Distributed Pipeline Examples#

These examples demonstrate multi-GPU distributed simulation pipelines using DistributedPipeline. They require multiple GPUs and must be launched with torchrun.

Warning

These examples are not executed during the Sphinx documentation build. To run them, use torchrun as shown in each example.

Architecture Overview#

A DistributedPipeline maps GPU ranks to dynamics stages.
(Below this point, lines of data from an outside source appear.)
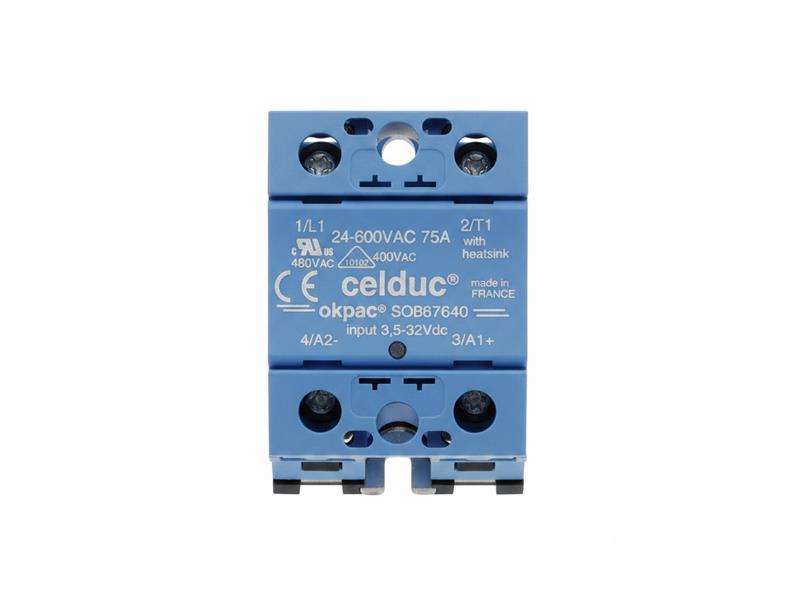CELDUC SOB867640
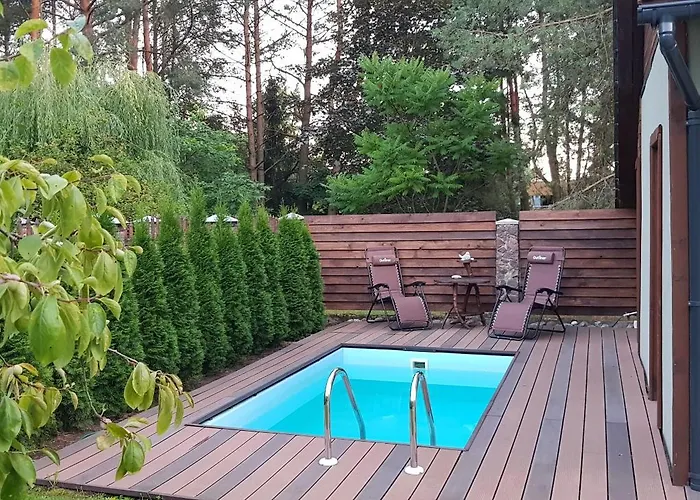 Jaukus Namai Kulautuvoje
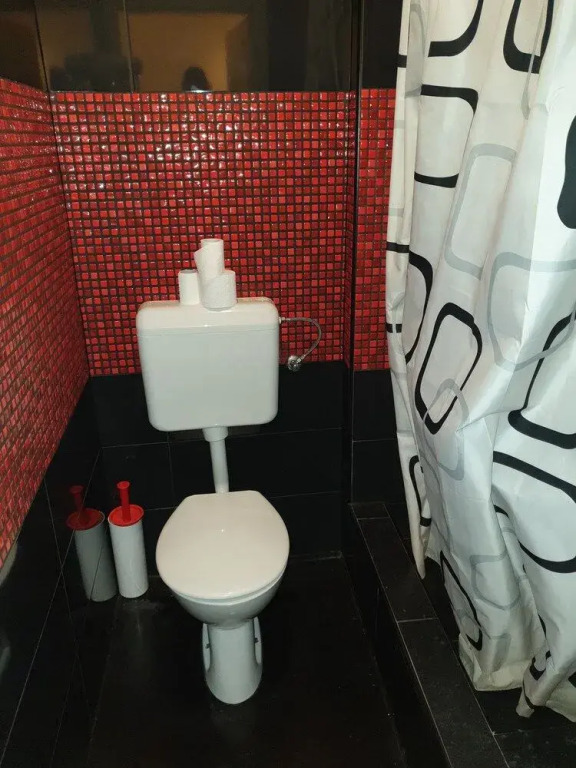 Hostel Morcic Ri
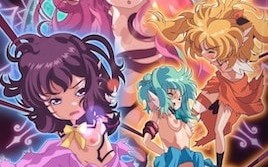 神圣昂燐達克里昂 露娜 [Vol.2]【番】[2025-07]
Systems flow between stages via fixed-size NCCL communication buffers:

$digraph distributed_pipeline { rankdir=LR; node [shape=box, style="rounded,filled", fillcolor="#e8f4fd", fontname="Helvetica", fontsize=11]; edge [fontname="Helvetica", fontsize=10]; rank0 [label="Rank 0: FIRE\n(upstream)"]; rank1 [label="Rank 1: Langevin\n(downstream + sink)"]; rank0 -> rank1 [label="NCCL"]; }$

Key concepts:

Upstream ranks (prior_rank=None): hold a SizeAwareSampler and push graduated (converged) systems to the next rank.
Downstream ranks (next_rank=None): receive systems from the prior rank and write results to a sink.
BufferConfig: must be set to a fixed size on all ranks; NCCL requires identical message sizes every communication step.
torchrun --nproc_per_node=N launches one process per GPU; each process runs only the stage assigned to its rank.

Running the Examples#

01 — Parallel FIRE → Langevin (4 GPUs required):

torchrun --nproc_per_node=4 examples/distributed/01_distributed_pipeline.py

# CPU/debug mode (set backend="gloo" in the script first):
torchrun --nproc_per_node=4 --master_port=29500 examples/distributed/01_distributed_pipeline.py

02 — Monitoring with LoggingHook, ProfilerHook, and ZarrData (4 GPUs required):

torchrun --nproc_per_node=4 examples/distributed/02_distributed_monitoring.py

After running example 02, per-rank CSV logs and Zarr trajectory stores are written to the working directory. Rank 0 also prints a collated summary.

Example Descriptions#

01 — Distributed Pipeline: Two independent FIRE → NVTLangevin sub-pipelines running on 4 GPUs. Demonstrates DistributedPipeline wiring, BufferConfig, and HostMemory sinks.
02 — Distributed Monitoring: Same topology as example 01, augmented with per-rank LoggingHook and ProfilerHook for observability, and ZarrData sinks for persistent trajectory storage. Shows post-run log collation on rank 0.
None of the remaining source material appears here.